# Description of the task
Please, without any pictures, set down exactly the part of the listing below that opens with the line containing "Theresa May greeted" and closes with the line containing "Online-Test. Computertastatur mit".

# Input data
════

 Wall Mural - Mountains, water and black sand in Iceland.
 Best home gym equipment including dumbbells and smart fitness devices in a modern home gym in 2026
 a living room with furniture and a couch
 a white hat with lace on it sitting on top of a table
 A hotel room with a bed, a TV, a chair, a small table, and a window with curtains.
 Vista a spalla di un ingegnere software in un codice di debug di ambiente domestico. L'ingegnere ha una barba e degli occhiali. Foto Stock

════

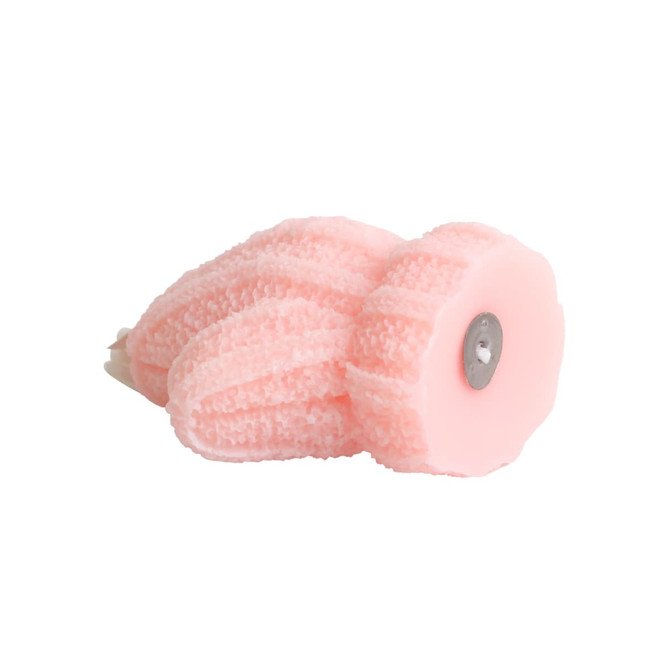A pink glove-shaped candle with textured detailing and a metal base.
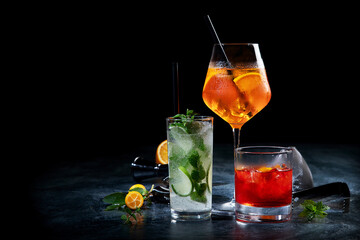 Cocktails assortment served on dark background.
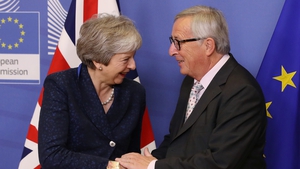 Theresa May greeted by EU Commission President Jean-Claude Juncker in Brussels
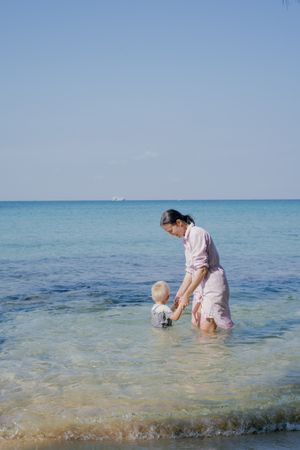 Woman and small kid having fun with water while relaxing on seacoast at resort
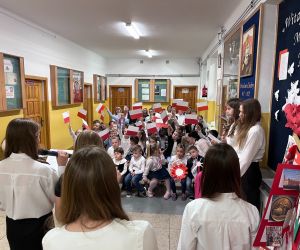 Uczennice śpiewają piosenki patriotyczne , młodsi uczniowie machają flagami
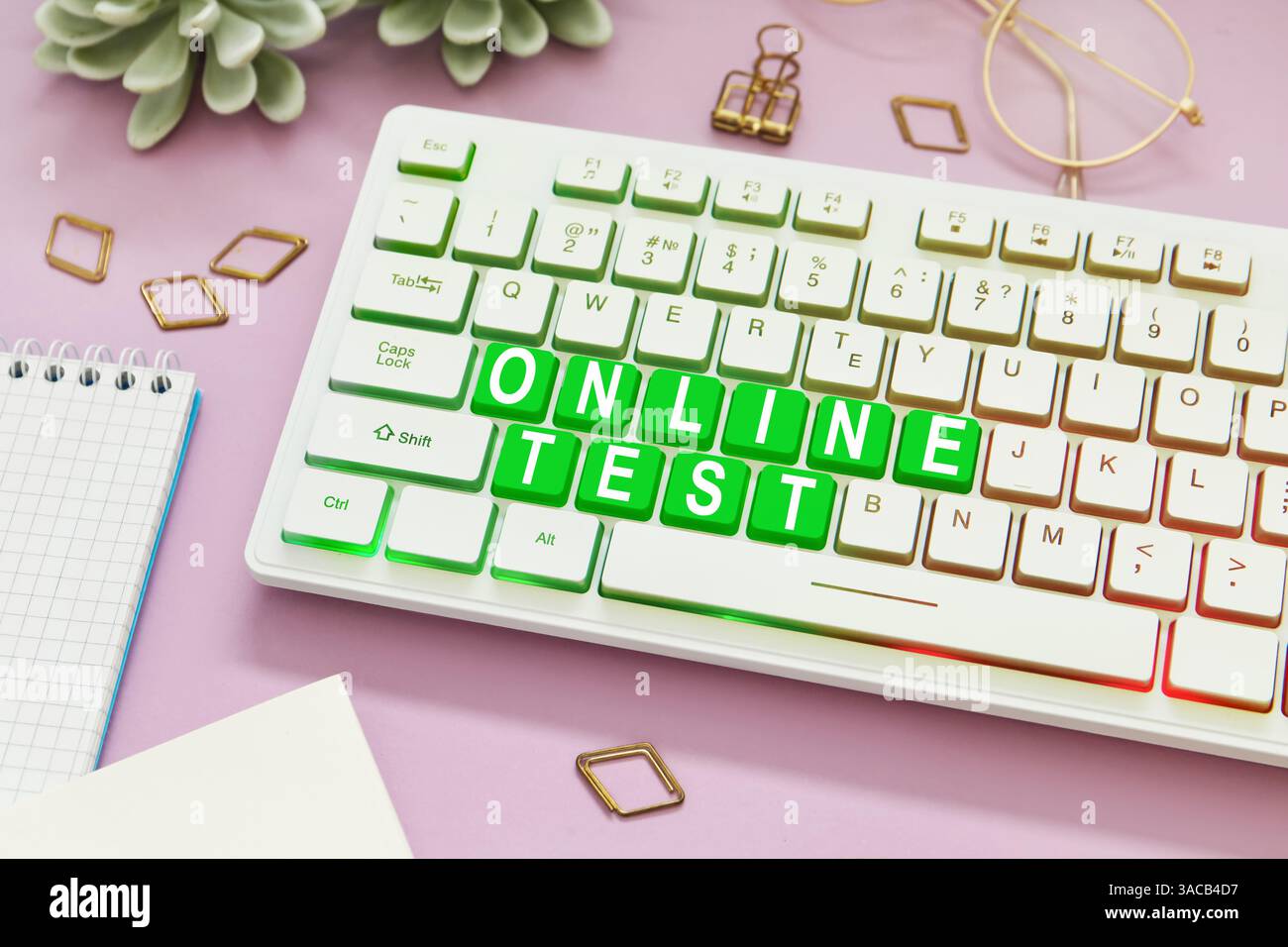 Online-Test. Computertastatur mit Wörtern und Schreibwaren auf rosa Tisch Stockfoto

════

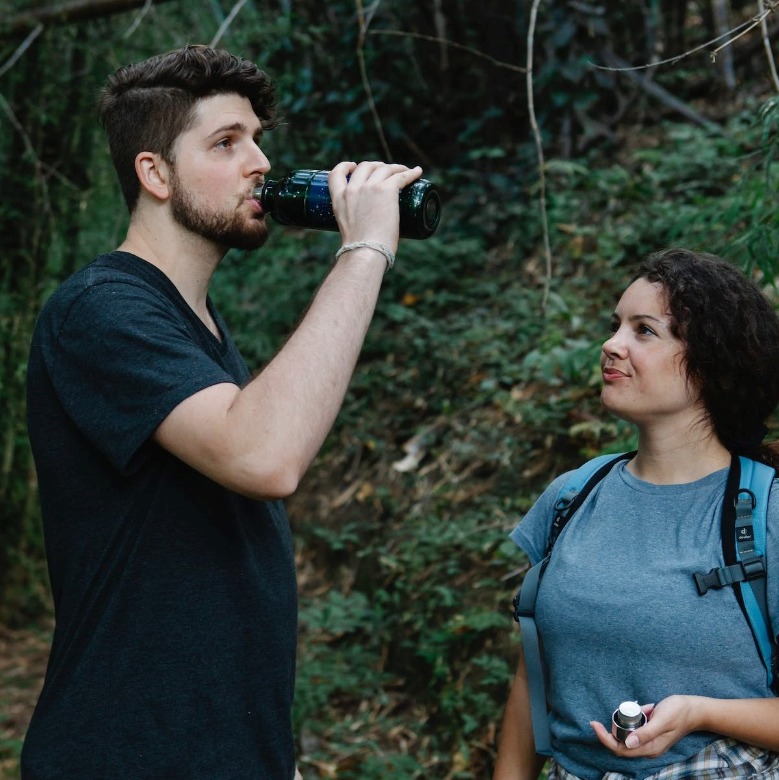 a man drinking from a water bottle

════

# Solution to the problem
 Theresa May greeted by EU Commission President Jean-Claude Juncker in Brussels
 Woman and small kid having fun with water while relaxing on seacoast at resort
 Uczennice śpiewają piosenki patriotyczne , młodsi uczniowie machają flagami
 Online-Test. Computertastatur mit Wörtern und Schreibwaren auf rosa Tisch Stockfoto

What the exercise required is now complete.